Have I got the wrong end of the stick on this?

Mods please move if it's in the wrong forum.


----------



## elcato (24 Jun 2009)

I dont believe they are taxable if you did not pay any tax during the same year or if you dot restart work before the year end. If you claim benefit say for 3 months during the year then for the full year it is deemed earnings therefor part of taxable income.


----------



## zippidydo (24 Jun 2009)

From returned form 12 before I had to get a statement of taxable income from social welfare in relation to jobseekers benefit earned in tax year and declared this amount of income to be taxed. Full amount of jobseekers is not taxable (only 17euro a week is exempt i think) but balance is taxable at 20% minus your tax credits.


----------



## callybags (24 Jun 2009)

Benefits are taxable, but only if they bring your total income for the year avove the exemption limit.
Currently  20K Single.
              40K Married.


----------



## Gervan (24 Jun 2009)

Those exemptions of 20k and 40k are for persons over 65. Under 65 exemption limits are much lower, €5210 for a single person, increased if there are dependant children.
A single person's tax credit plus Paye tax credit should mean no income tax liability where income is lower than €18,300. 
€13 of each week's unemployment benefit is not taxable.


----------



## GreenQueen (24 Jun 2009)

Okay so to sum up all your very helpful advice (thank you very much).

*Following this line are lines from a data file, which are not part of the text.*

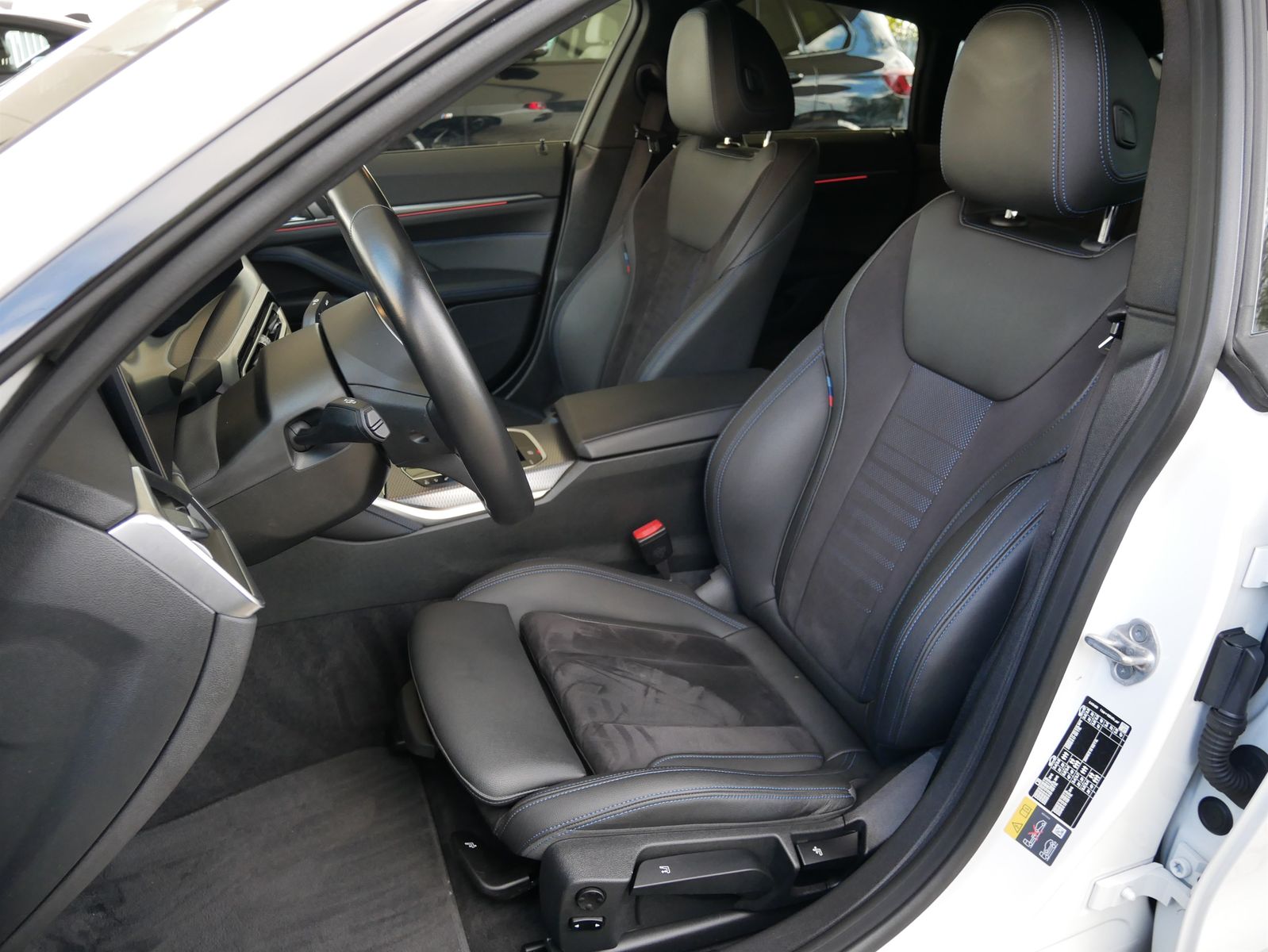 BMW i4 eDrive35 Gran Coupé M SPORT Head Up AHK Kamer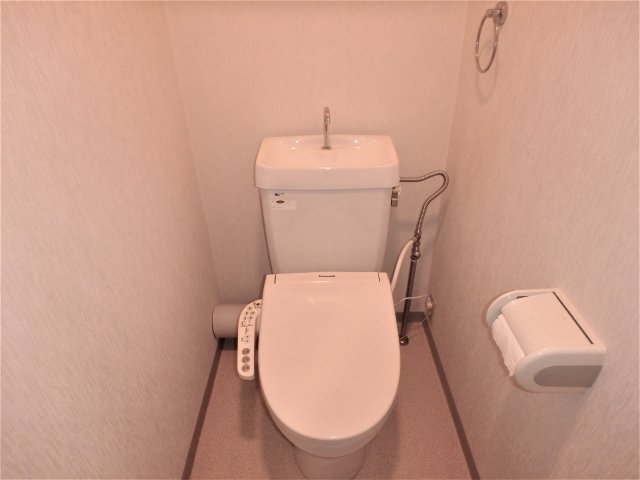トイレ　温水洗浄便座です！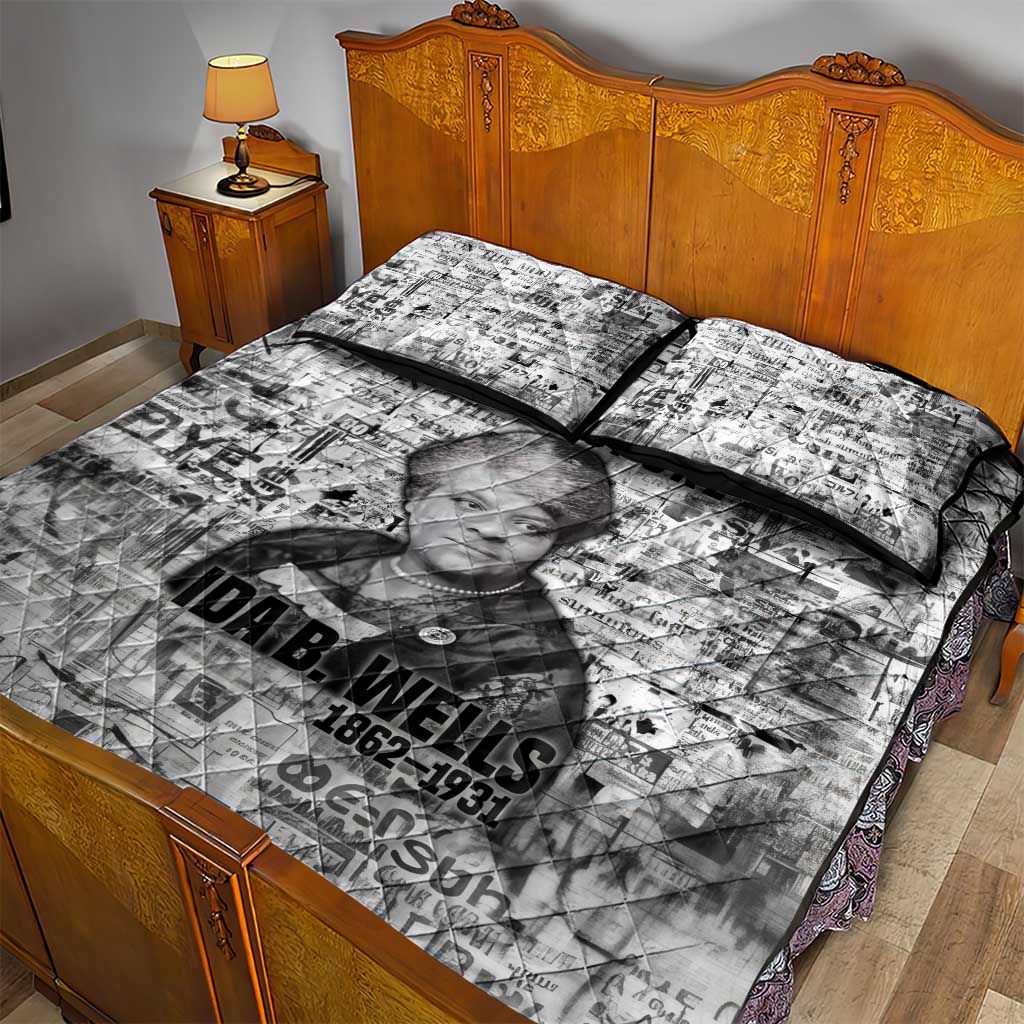 Ida B. Wells Quilt Bed Set with Newspaper Collage Design Powerful Portrait Civil Rights and Free Press Tribute - African Pride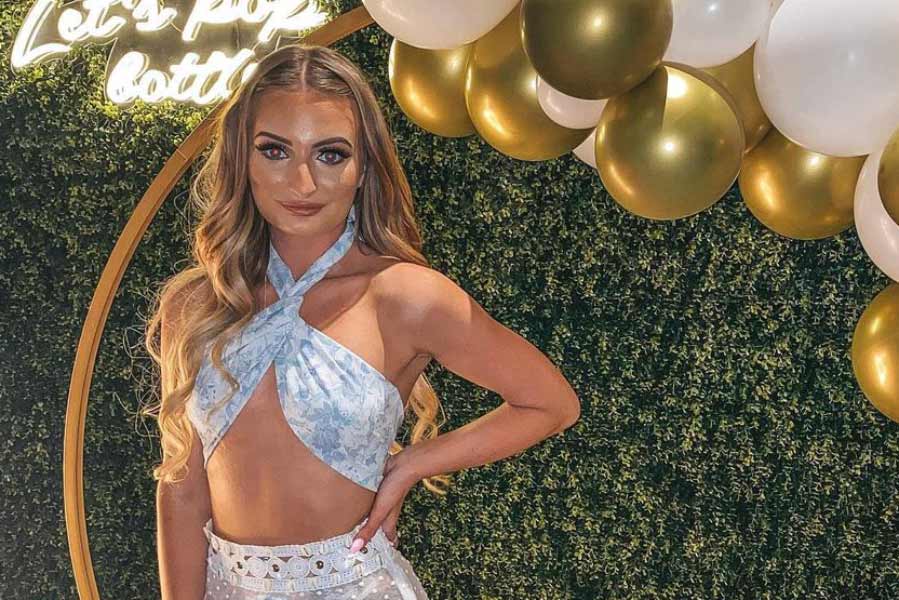 মুসুমেচি জানিয়েছেন, তাঁর সংস্থাতেই অন্তত ১০ জন মেয়ে কাজ করছেন। এমনকি, তাঁর প্রিয় বন্ধুও এ কাজে যোগ দিয়েছেন। 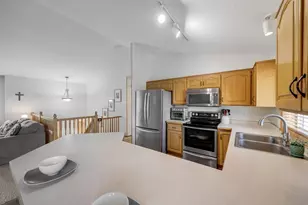 1512 Pond View Ct, Cologne, MN 55322 - Photo 9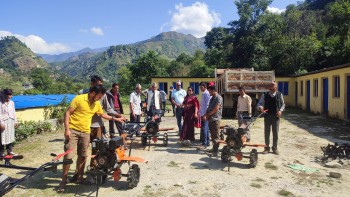 बैतडीको पुर्चाैडीमा किसानहरुका लागि हाते ट्याक्टर वितरण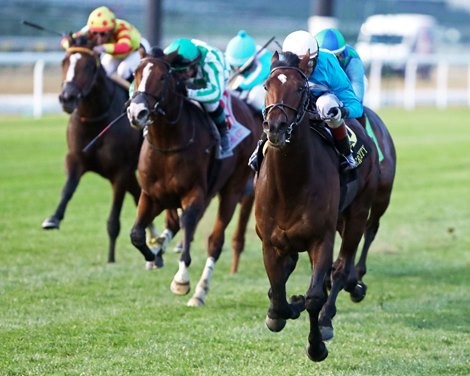 Smokin&#39; T wins the 2023 River City Stakes at Churchill Downs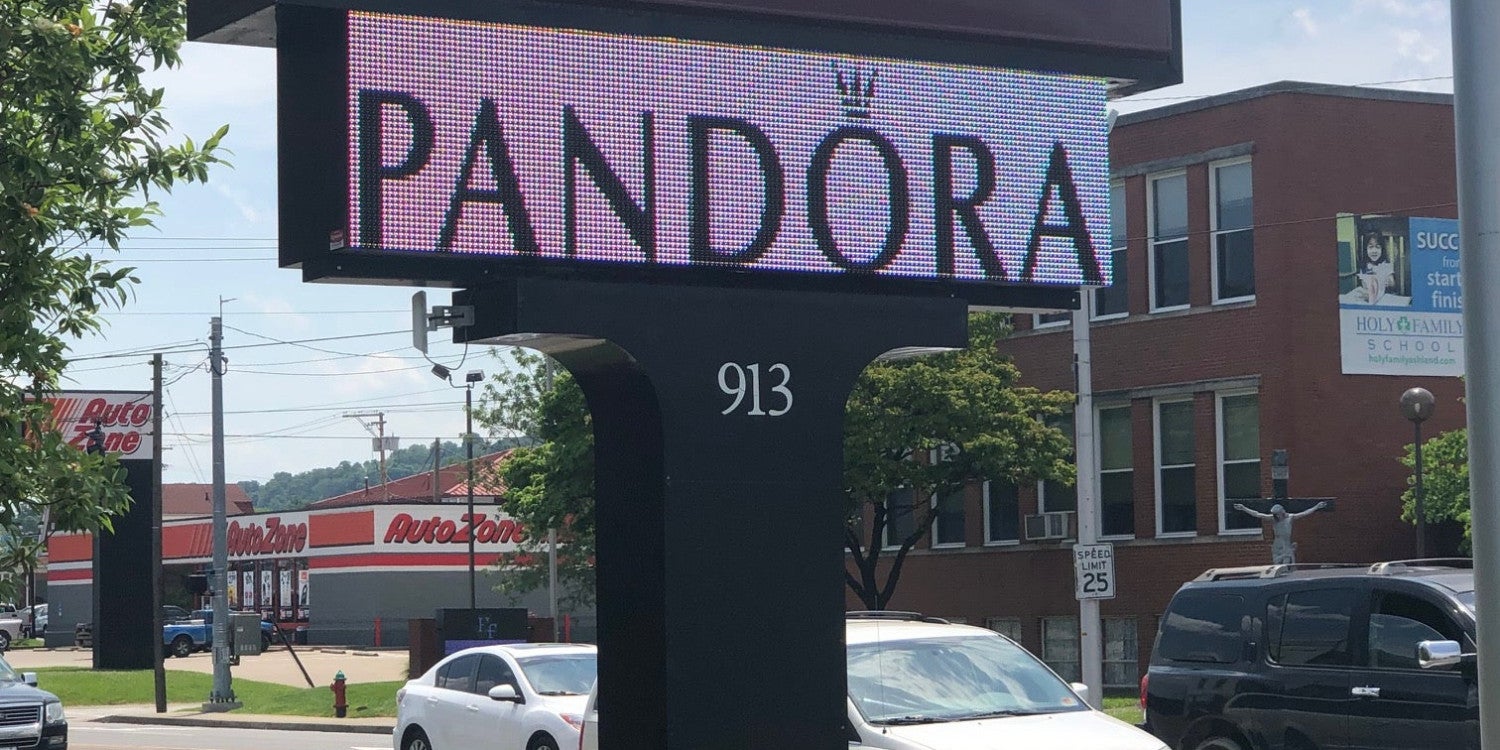 Digital Signs and Displays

I'm using the example of a single claimant with no dependants.

1. If a claimant only receives benefit payments for 52 weeks of the year they will not have a tax liability as their total income will be less than €18,300.

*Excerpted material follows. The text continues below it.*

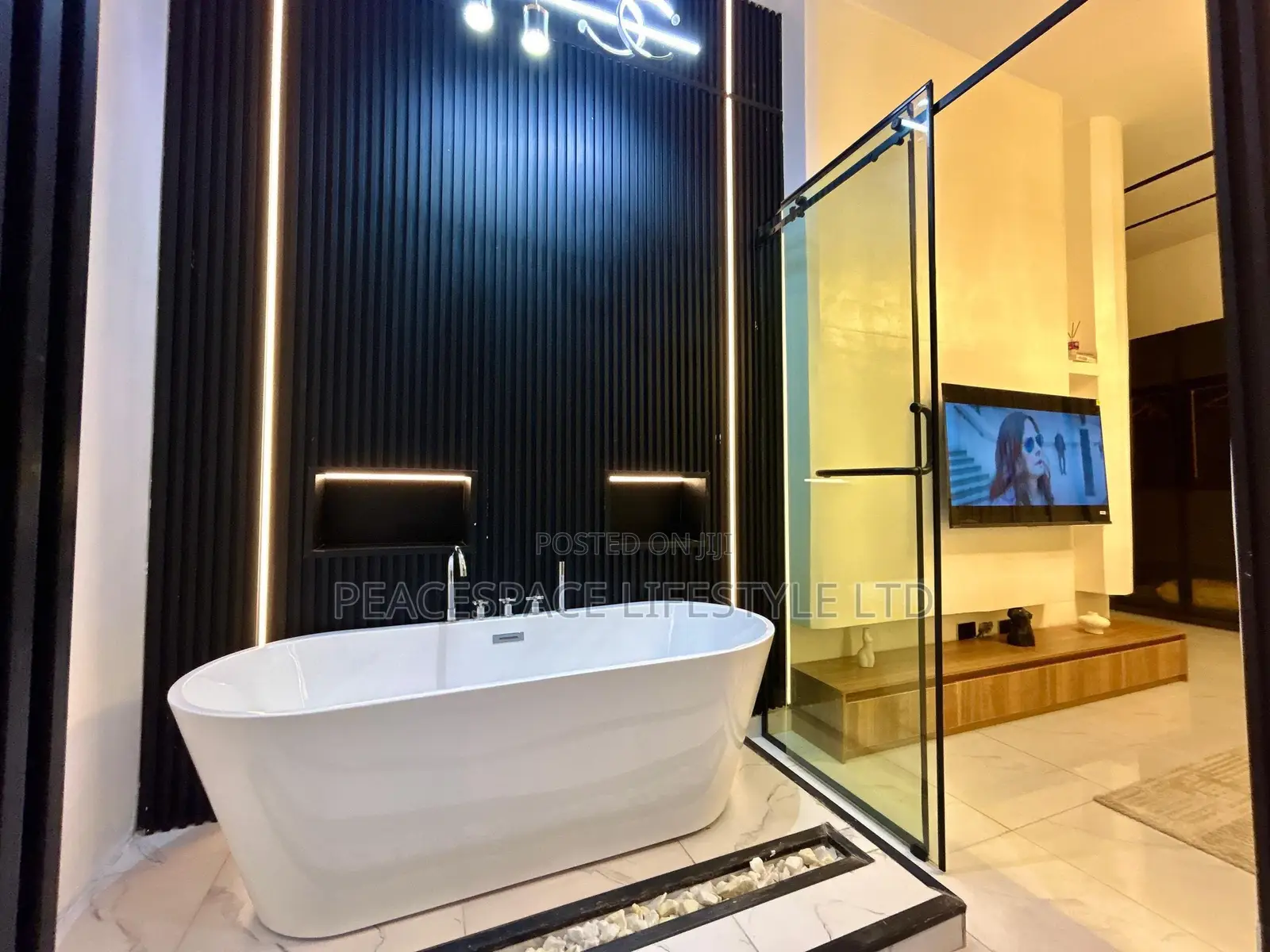 Luxury 2 & 3-Bedroom Apartments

2. If a claimant is working in paid employment for part of the year and subsequently claims benefits, providing their total income comes to less than €18,300 in a tax year they will not have a tax liability.

3. If a claimant is working in paid employment for part of the year and claims benefits but their combined income (earnings, benefits & other income) is more than the €18,300 limit they will then have to pay tax on their benefits at the normal rate.

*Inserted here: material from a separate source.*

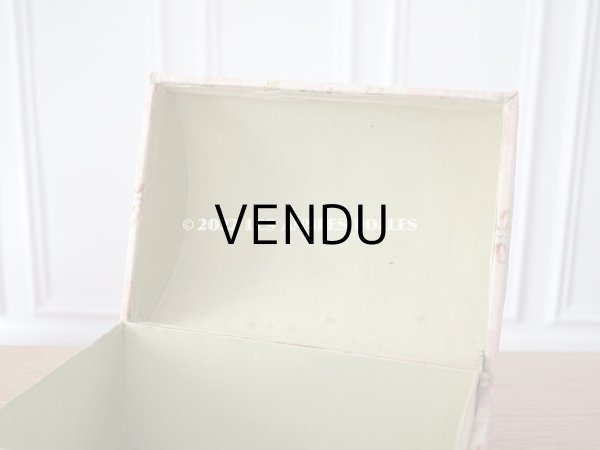 画像9: 18世紀 アンティーク 大きなコフレ　花模様のシルク地 (9)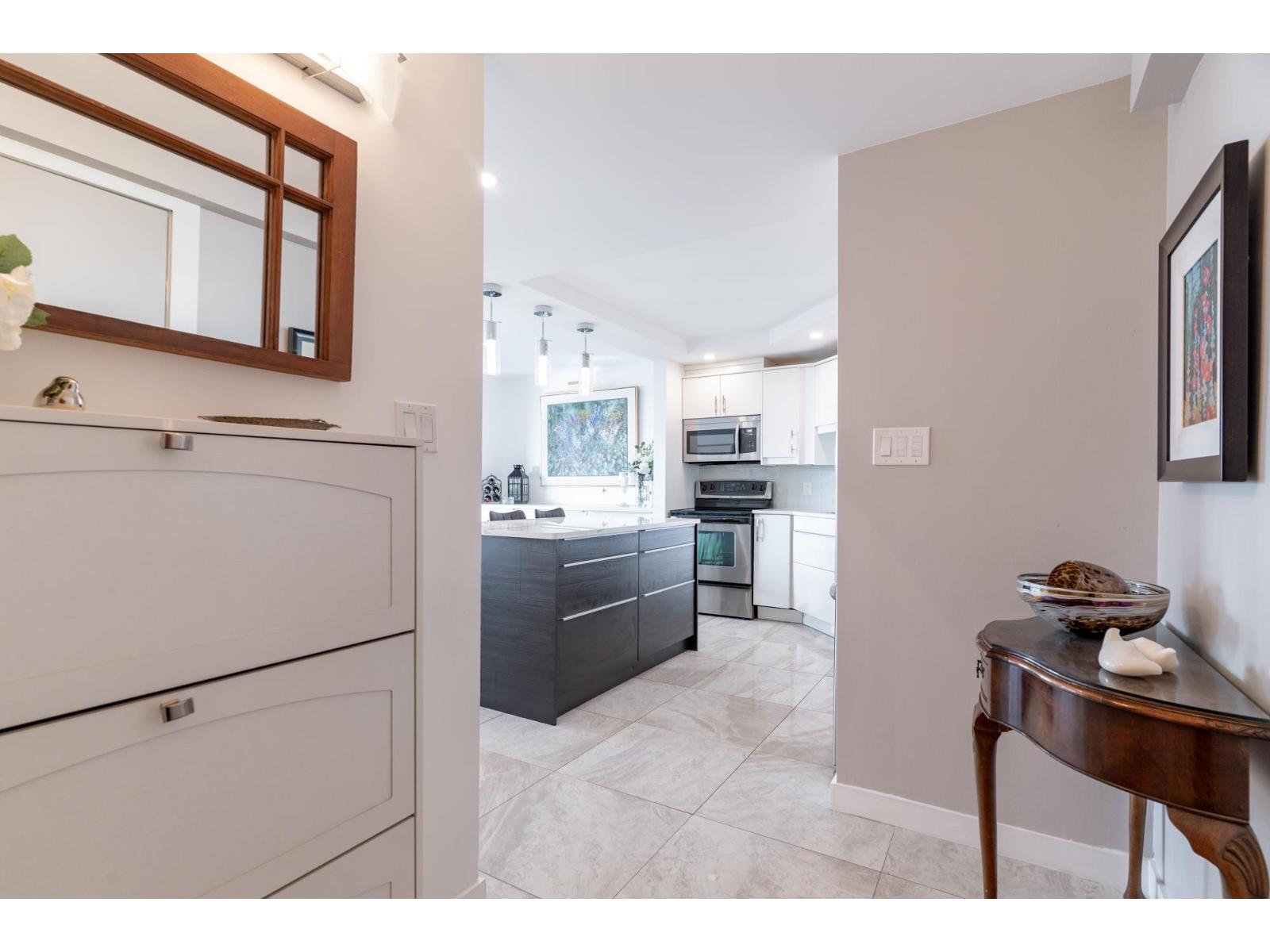 405 1480 Foster Street, White Rock, British Columbia  V4B 3X7 - Photo 5 - R3055485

Have I interpreted this correctly?


----------



## justsally (24 Jun 2009)

GreenQueen said:


> 3. If a claimant is working in paid employment for part of the year and claims benefits but their income is more than the €18,300 limit they will then have to pay tax on their benefits at the normal rate.
> 
> Have I interpreted this correctly?


 
Not on their "benefits" as such but on income over the single persons limit of 18,300 (earnings, income + benefits)


----------



## GreenQueen (25 Jun 2009)

Thank Justsally I edited my interpretation above.


----------



## MC D (14 Aug 2009)

just came across this thread and have to admit i feel very stupid as i didn't relaise that illness benefit was taxable  . The situation is my wife has been on illness benefit for all of 2008 and still is on benefit please god she will be fit to go back to work in a few months and thankfully she has a job held for her . However i'm just wondering does anyone have any idea how much extra tax i will have to pay or how do i work it out . i rang my tax department today and they said the taxable benefit my wife received was €10000 euro so i assume i fill out the form 12 and just post it in and await the bad news  .


----------



## fobs (14 Aug 2009)

Just noticed this thread too. My husband is on an invalidity pension since last month. I am working full-time. Should I be paying tax on this benefit?


----------



## Black Sheep (14 Aug 2009)

Yes , you should contact the tax office and they will "code it in" to your tax credits but don't forget he will still be entitled to a PAYE tax credit. 
The PAYE tax credit will still be allowed next year even if he has no other income in 2010. (unless we have budget changes)


----------



## Black Sheep (14 Aug 2009)

Yes , you should contact the tax office and they will "code it in" to your tax credits but don't forget he will still be entitled to a PAYE tax credit. 
The PAYE tax credit will still be allowed next year even if he has no other income in 2010 onwards (unless we have budget changes)


----------



## MC D (14 Aug 2009)

Black Sheep said:


> Yes , you should contact the tax office and they will "code it in" to your tax credits but don't forget he will still be entitled to a PAYE tax credit.
> The PAYE tax credit will still be allowed next year even if he has no other income in 2010 onwards (unless we have budget changes)


 

Do i have to do the same black sheep ?


----------



## GreenQueen (14 Aug 2009)

Does it not depend on whether you were being taxed individually or as a couple?


----------